Anyone seen the Tillman Story about Pat Tillman?

Downloaded it last week but haven’t gotten around to watching it yet.

:rolleyes:

Replying to your own posts.

You sad cunt.

watched one about graham taylor’s time in charge of england at the weekend. its on youtube in many parts. before my time really but the access the cameras got would be unheard of today. To be honest its a cracking documentary. Merson running into the dressingroom after backing Ian Wright to score against Poland was quality. Des Walker looked to be having an absolute nightmare at the time and whoever was in goal.

fuck off anglophile

Phil Neal was priceless during that programme.

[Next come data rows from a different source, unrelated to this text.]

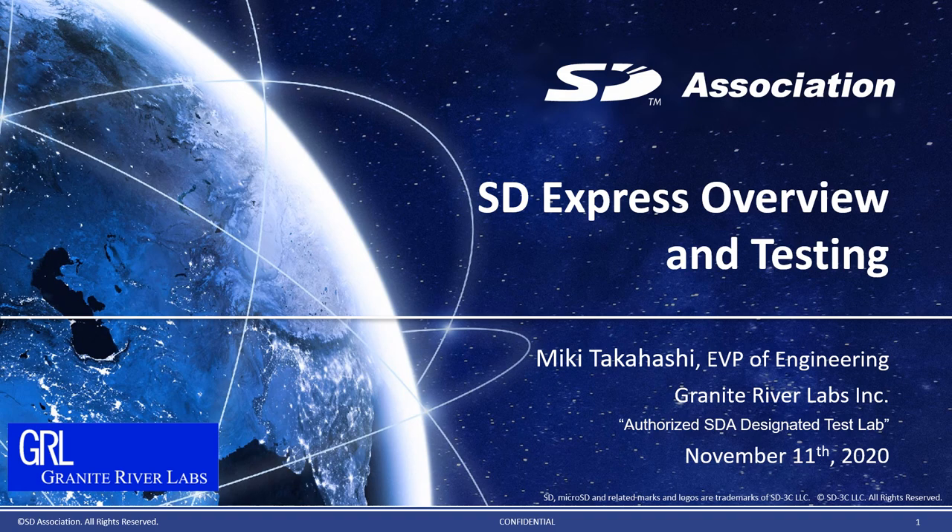Good afternoon, everyone. My name is Miki Takahashi from Granite River Labs. Thank you so much for joining us today. Today, I am going to give you the overview of SD Express, which is the latest technology for SD memory card, and talk about its testing because we are an authorized SD Association test lab.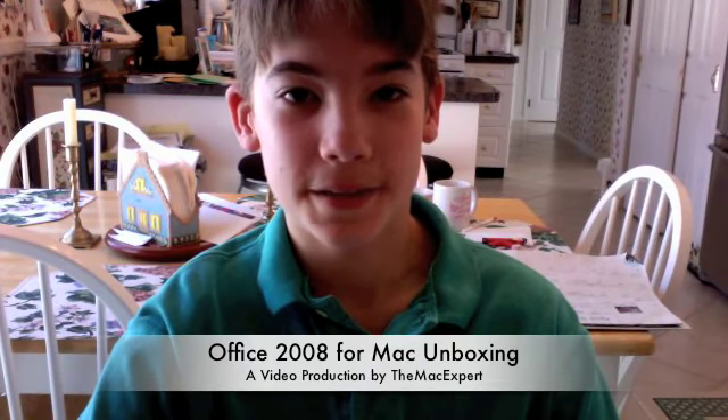Hey guys, this is the Mac expert here with an unboxing of Office 2008 for Mac, Home and Student Edition. I bought this for school and because I wanted it to be compatible with the Windows machines at school. I previously had Keynote, Pages, and Numbers, and while that was good and I liked it, it was the Apple version and wasn't 100% compatible with Microsoft Office.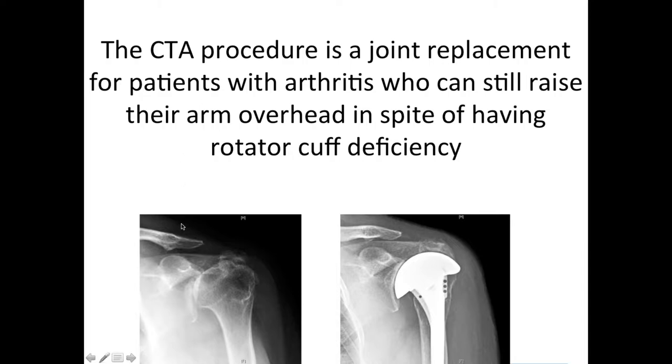Here at lower left you can see we've got a very arthritic joint. We can also see that the humeral head is displaced upward, so it's rubbing against the acromion, which is the bone at the top of the shoulder. But this patient was still able to raise her arm up over her head.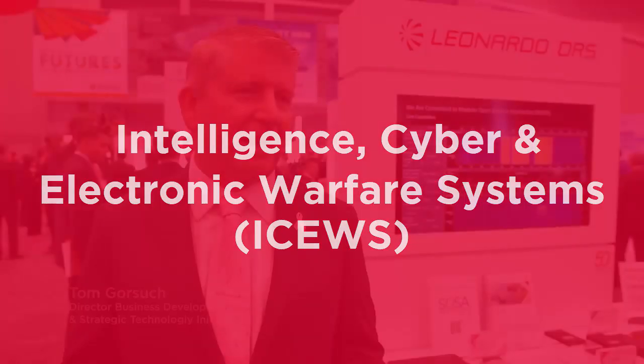DRS has two lines of product in this SIGINT, Cyber and EW capability. We have a dismounted capability and we have a mounted capability. We've been investing heavily in both of those.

Fucking hilarious documentary. What a pack of goons.

http://www.youtube.com/watch?v=wfCq24EEzR4

No, noooo, PLAAAATTTTAAAYYYYY!!!

The Guardian did a column on football documentaries recently. This was their bit on Taylor’s show.

Graham: John! JOHN!!!

Phil: John!

Graham: Barnsey! Tuck in more!

Lawrie: Ten yards in!

Graham: Tuck in more!

Phil: In to go out!

Graham: Tuck inside more!

Phil: In to go out!

Lawrie: Tony … Tony …

Graham: That’s better.

Lawrie: That’s better.

Phil: That’s better!

When this snatch of in-depth tactical tuition from England’s top managerial talent was first broadcast in 1994, so many pennies dropped across the nation that it was small wonder the country didn’t go into immediate recession. Graham Taylor had infamously failed to lead England to that year’s World Cup finals, and here, presented in the sitcom format for our high amusement, were the shambolic reasons for failure.

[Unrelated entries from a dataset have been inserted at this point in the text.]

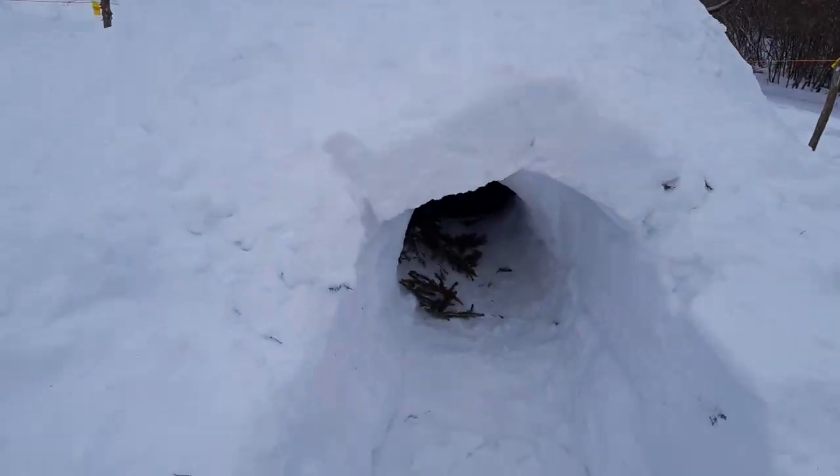The snow shelter is ready — we built this yesterday. I still need to bring windows that I had forgotten at home; there are already frozen pieces of ice discs, so I'll still add a couple of those. Otherwise, it's enough space for four people inside. I'm going to take you inside — I'll turn the camera around, but first I need my gloves, it's really cold.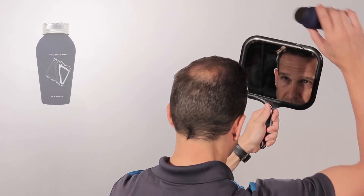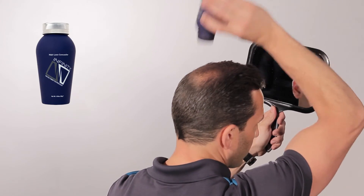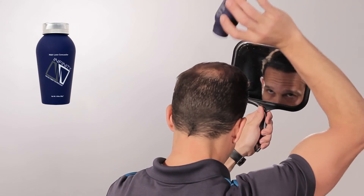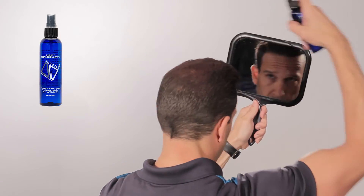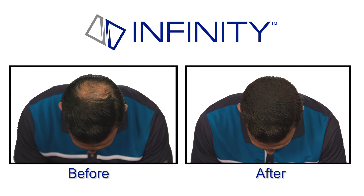Infinity hair fibers are very easy to use. You just find the right vantage point in the mirror, shake them in, and you're done in no time. Once you're covered up, you use the locking spray — just mist the locking spray in there and it's all set all day.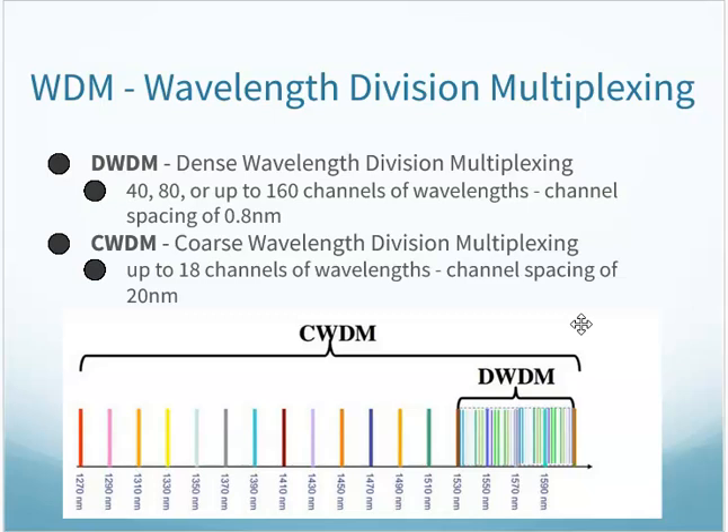There are two different types of wavelength division multiplexing: dense and coarse. Coarse wavelength division multiplexing has up to 18 channels of wavelengths, each spaced about 20 nanometers apart. Dense wavelength division multiplexing can do 40, 80, or up to 100 channels of wavelengths where the spacing is much more narrow — which obviously takes a more sensitive system to differentiate those. So there are different applications for each.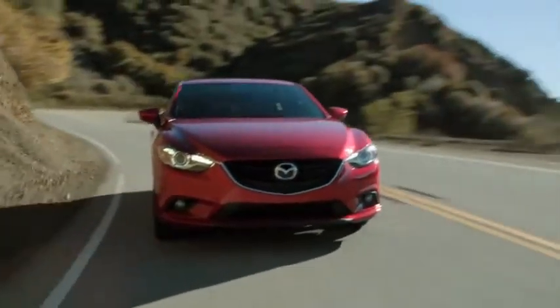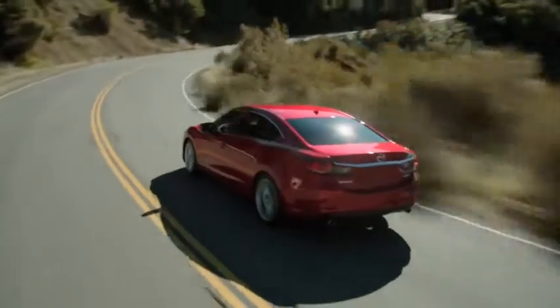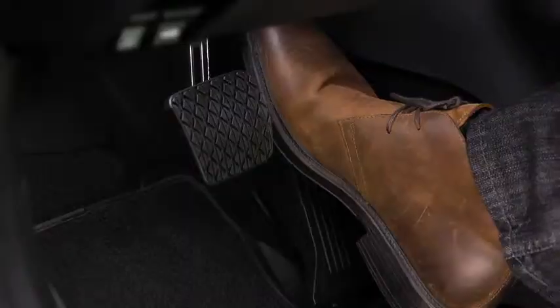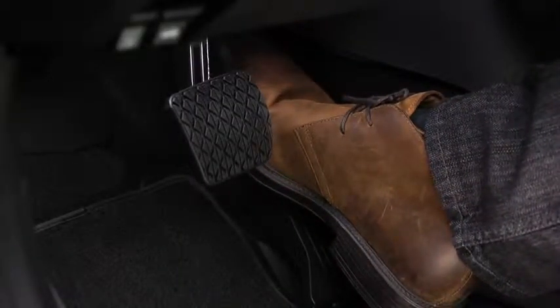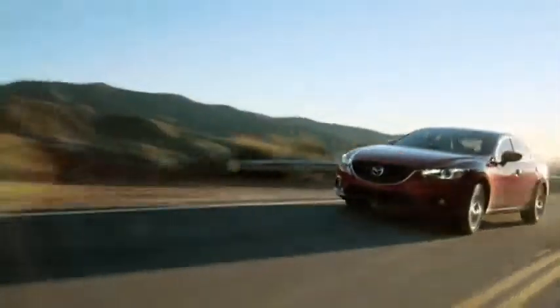The accelerator pedal is equipped with a kick-down switch to give you more driving control and improve fuel economy. When you depress the accelerator almost all of the way, you will feel an increase in resistance, prompting you to maintain fuel-efficient acceleration.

An Impossible Job was immediately hailed as a comic masterpiece. Taylor and the other two stooges, footballing lyrebird Phil Neal and retired golf club captain Lawrie McMenemy, never gave the impression of being in control of their situation. England’s campaign started badly with a home draw against Norway – Paul Gascoigne, debating what was going wrong, settled on the fact that “the ball is shit” – and never recovered momentum.

Taylor’s subsequent troubled touchline performances were the stuff of instant legend. “Do I not like that” and “Can we not knock it?!” from the trip to Poland we know all too well, though perhaps the comedy connoisseur’s choice came during the following game. With England 2-0 down in Norway and running through their slapstick repertoire of misplaced passes, Taylor can be heard crumbling off-screen, a couple of resigned “aw fucking hells” as near as you’ll ever get to perfect comic timing.

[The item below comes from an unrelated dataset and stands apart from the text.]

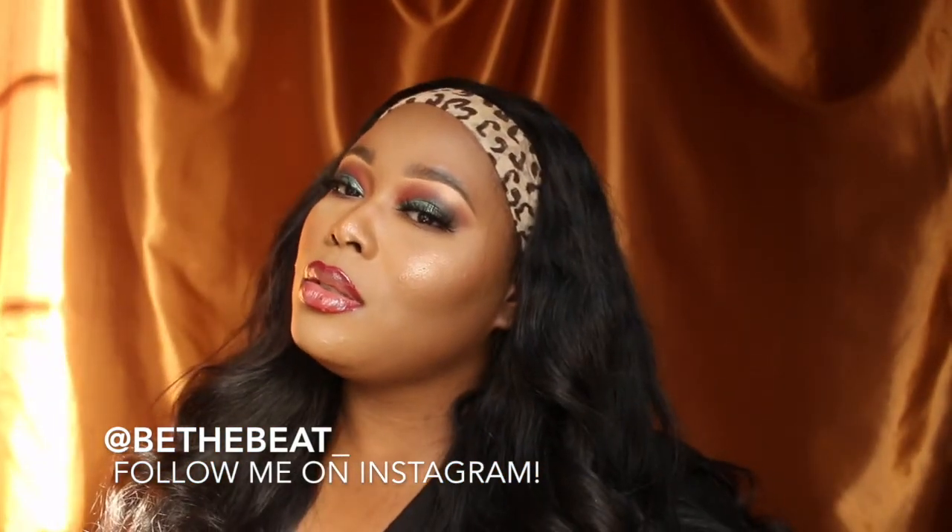Don't forget to subscribe, like, share, comment. Tag Meg the Stallion — period. It's a hot girl summer. Fall. Whatever. Okay.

Taylor was as unconsciously entertaining away from the pitch, whether confessing to regularly waking up from stressful slumber with “pyjamas wet through”, or holding court on the subject of pitch sizes for kids in front of a bored audience of prison inmates, a scene now reminiscent of Alan Partridge discussing the pedestrianisation of Norwich city centre during his one-man show at the travel tavern.

Yet the ludicrousness of Taylor’s catchphrases distorts the memory. Watch it today, and Taylor actually comes out of it very well, despite his gauche clumsiness and occasional rank ineptitude. He’s a true, if slightly bruised, gentleman, trying his damnedest for everyone. The genuine hurt in his eyes seconds after the infamous “do I not like that” outburst. Visiting David Platt in Italy to ensure the player is OK with his captaincy being handed to Stuart Pearce. (“I wanted it, and it’s nice to have had it,” smiled Platt, genuinely, “but in terms of the morale of the squad, I think it’s the right thing to do.” Take notes, big John.) The gentle chiding of his journalistic aggressors. (He famously skins and fillets Rob Shepherd during one press conference, but his quips are gentle, showing a respect for a profession he was well within his rights to detest).

He also deals with his impending sacking, after those ludicrous decisions in Holland, in a more dignified manner than any of us could surely ever manage. “I’m just saying to your colleague, the referee has got me the sack,” he whispers to the linesman, an old-school British gent, diplomacy taking precedence over righteous rage. “Thank him ever so much for that, won’t you?”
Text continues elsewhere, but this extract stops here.